Nous nous proposerons donc de reprendre cette initiative en la renforçant et en faisant en sorte de féminiser la diplomatie dans les faits, et non pas uniquement dans les discours. L’État doit encourager une politique plus volontaire de féminisation de notre diplomatie et respecter lui-même l'obligation légale d'égalité salariale, je m'y engage.

 

Question 14 : Le développement, la lutte contre les inégalités, les enjeux sanitaires, environnementaux, climatiques, économiques et sociaux sont inextricablement liés. Comment votre gouvernement veillera a la cohérence entre l’ensemble des politiques publiques nationales avec les objectifs de la LOP-DSLIM ?

► Il s'agit de porter une vision nouvelle du monde et des transformations à venir, de changer même de logiciel dans nos analyses et la définition de notre politique internationale. La France est une puissance mondialisée qui peut contribuer à faire émerger un ordre global profitable à tous les peuples et dont chacun, et donc elle aussi, retire un maximum d'avantages. C'est un changement de civilisation. Il faut tourner la page des siècles de domination et de politique d'hégémonie. Cela ne se fera pas d'un coup de baguette magique, ni « d'en haut » exclusivement : il faudra une volonté politique issue des mobilisations des citoyen-ne-s et de leur engagement, de leur participation à la mise en œuvre des décisions politiques et l'exercice de leur pouvoir de contrôle.

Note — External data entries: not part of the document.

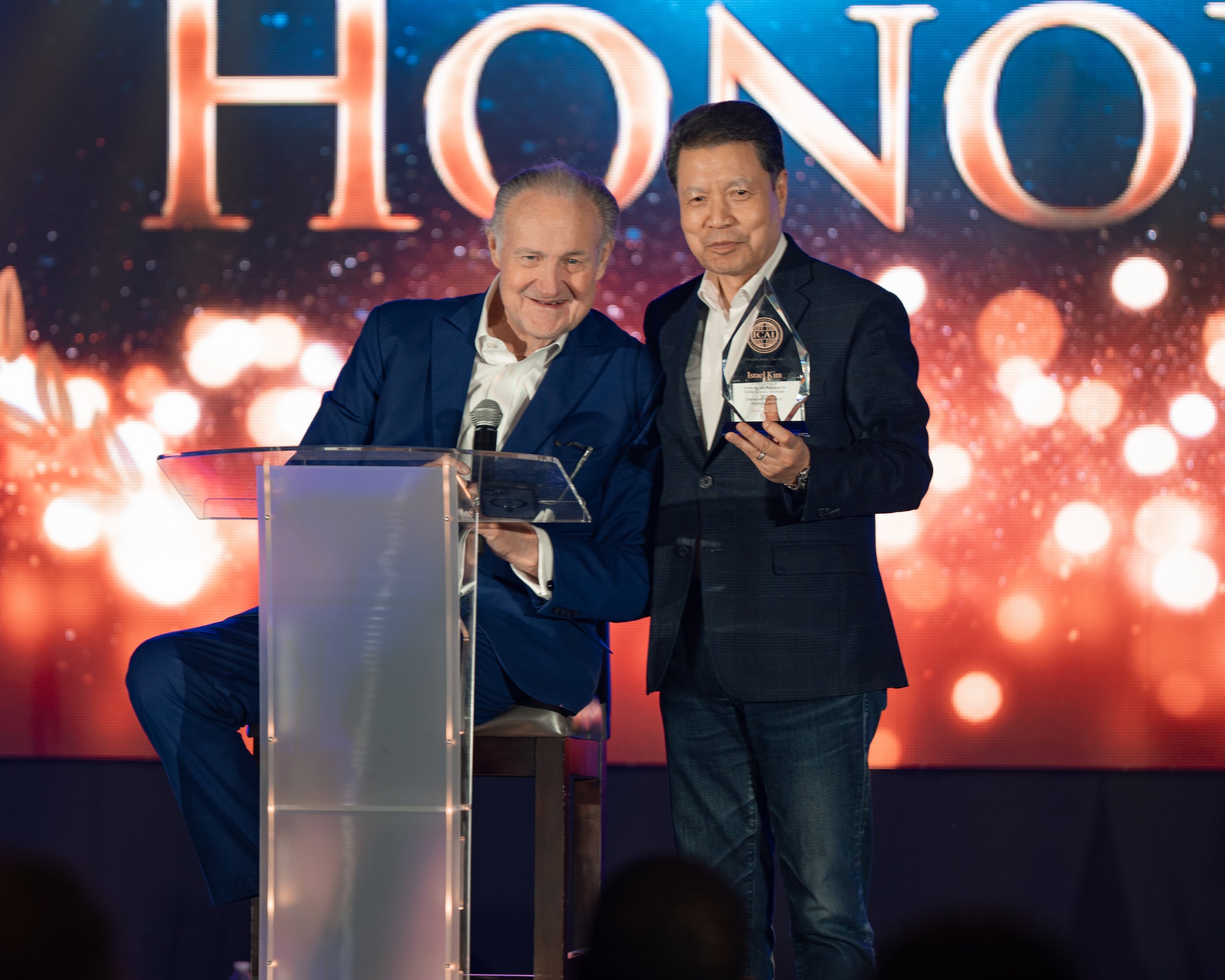 Israel Kim and Ap. Kelly Award.jpg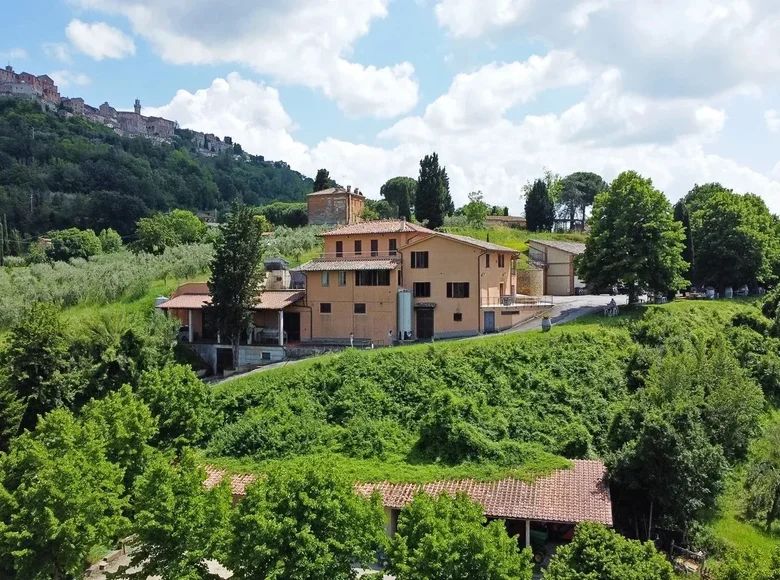7 bedroom villa 4 000 m² Montepulciano, Italy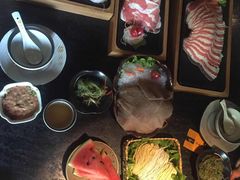 -湊湊火锅·茶憩(新中关购物中心店)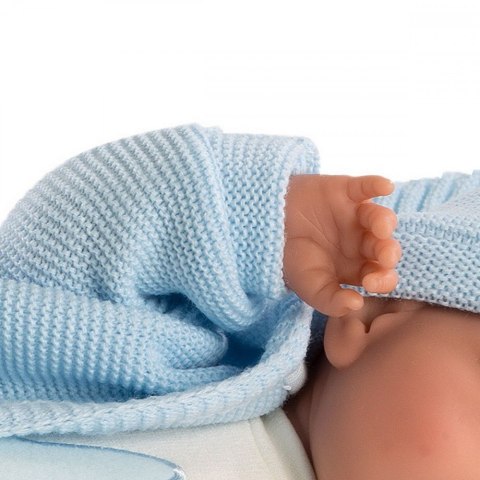 Lalka Bobas Mimo na niebieskim kocyku 42 cm Llorens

Nous pourrions dès aujourd'hui en jeter les bases en faisant évoluer le ministère des Affaires étrangères et européennes pour qu'il devienne un ministère de politique internationale qui intègre dans ses missions propres une ambitieuse politique de co-développement, de coopération et de solidarité internationale et européenne – et qui devra en outre travailler plus étroitement et en permanence avec les ministères dont le champ de compétence est d'abord national mais de moins en moins uniquement du fait du développement de la mondialisation et des interdépendances (économiques en particulier), des grands défis globaux qui touchent leur domaine et de l'impérieux besoin d'une transition écologique intimement liée aux besoins de développement et de progrès humain et social.

Notre conception de la politique est mue par une volonté d'encourager la pleine participation de chacun-e, acteurs et actrices de la solidarité internationale, de l'industrie, de la culture, de l'agriculture et défenseurs des droits humains et sociaux. L’instance décrite plus haut dédiée à l'APD serait le seul lieu légitime où seront discutés ces enjeux : nous n’avons pas l’intention d’en faire un domaine réservé de l’Élysée ou de Matignon. Nous rendrons la parole aux acteurs, et, au-delà même de rendre la parole, nous leur rendrons leur capacité à être entendu, et, in fine, nous favoriserons leur capacité à pouvoir agir collectivement, directement, et à contrôler l'action publique.